> [Instructions for the task]: Every line below that has "Vacation" in it should be copied.

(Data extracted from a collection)
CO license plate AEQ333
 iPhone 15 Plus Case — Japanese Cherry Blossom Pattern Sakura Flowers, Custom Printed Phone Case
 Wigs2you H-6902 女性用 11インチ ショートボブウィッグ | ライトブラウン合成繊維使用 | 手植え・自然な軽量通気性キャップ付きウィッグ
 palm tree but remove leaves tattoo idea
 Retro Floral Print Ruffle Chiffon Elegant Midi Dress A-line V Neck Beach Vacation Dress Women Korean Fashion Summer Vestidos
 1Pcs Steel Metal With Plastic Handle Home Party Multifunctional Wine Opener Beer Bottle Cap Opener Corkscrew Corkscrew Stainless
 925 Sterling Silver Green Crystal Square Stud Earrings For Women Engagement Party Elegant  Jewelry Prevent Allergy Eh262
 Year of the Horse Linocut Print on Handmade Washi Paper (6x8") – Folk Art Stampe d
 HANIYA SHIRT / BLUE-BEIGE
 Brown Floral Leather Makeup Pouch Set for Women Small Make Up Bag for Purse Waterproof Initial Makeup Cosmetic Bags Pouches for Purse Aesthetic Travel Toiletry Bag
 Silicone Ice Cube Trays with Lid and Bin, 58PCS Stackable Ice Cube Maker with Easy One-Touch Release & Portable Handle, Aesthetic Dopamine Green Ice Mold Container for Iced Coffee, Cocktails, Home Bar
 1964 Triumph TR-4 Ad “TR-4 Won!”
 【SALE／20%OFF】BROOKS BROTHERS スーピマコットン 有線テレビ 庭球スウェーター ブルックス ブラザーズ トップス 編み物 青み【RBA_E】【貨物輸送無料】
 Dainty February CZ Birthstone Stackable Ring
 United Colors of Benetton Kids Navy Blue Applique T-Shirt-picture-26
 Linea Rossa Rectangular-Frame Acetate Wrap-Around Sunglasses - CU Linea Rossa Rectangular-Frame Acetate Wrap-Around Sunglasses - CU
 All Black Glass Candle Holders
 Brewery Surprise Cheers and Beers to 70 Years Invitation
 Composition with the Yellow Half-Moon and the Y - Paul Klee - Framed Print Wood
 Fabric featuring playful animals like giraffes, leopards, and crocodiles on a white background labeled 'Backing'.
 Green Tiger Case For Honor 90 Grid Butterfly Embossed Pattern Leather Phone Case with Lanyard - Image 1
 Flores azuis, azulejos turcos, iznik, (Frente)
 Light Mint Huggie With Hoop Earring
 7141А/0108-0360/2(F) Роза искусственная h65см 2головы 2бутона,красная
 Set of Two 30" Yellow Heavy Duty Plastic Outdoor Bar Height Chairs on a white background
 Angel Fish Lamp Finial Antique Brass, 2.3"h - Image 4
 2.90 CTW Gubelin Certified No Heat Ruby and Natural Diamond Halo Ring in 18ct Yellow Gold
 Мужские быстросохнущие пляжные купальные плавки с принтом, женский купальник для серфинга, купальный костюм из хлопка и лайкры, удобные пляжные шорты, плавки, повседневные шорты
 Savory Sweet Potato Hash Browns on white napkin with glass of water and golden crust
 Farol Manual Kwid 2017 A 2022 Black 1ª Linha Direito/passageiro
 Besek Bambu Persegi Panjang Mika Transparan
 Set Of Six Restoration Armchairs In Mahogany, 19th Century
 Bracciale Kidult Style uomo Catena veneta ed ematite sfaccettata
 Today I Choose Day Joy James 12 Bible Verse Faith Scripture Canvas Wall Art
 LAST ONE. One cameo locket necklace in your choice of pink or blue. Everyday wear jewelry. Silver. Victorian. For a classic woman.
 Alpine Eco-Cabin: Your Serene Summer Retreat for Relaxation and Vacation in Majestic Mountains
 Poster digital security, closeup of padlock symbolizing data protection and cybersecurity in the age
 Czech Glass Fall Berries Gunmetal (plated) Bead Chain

> [Solution below]:
 Retro Floral Print Ruffle Chiffon Elegant Midi Dress A-line V Neck Beach Vacation Dress Women Korean Fashion Summer Vestidos
 Alpine Eco-Cabin: Your Serene Summer Retreat for Relaxation and Vacation in Majestic Mountains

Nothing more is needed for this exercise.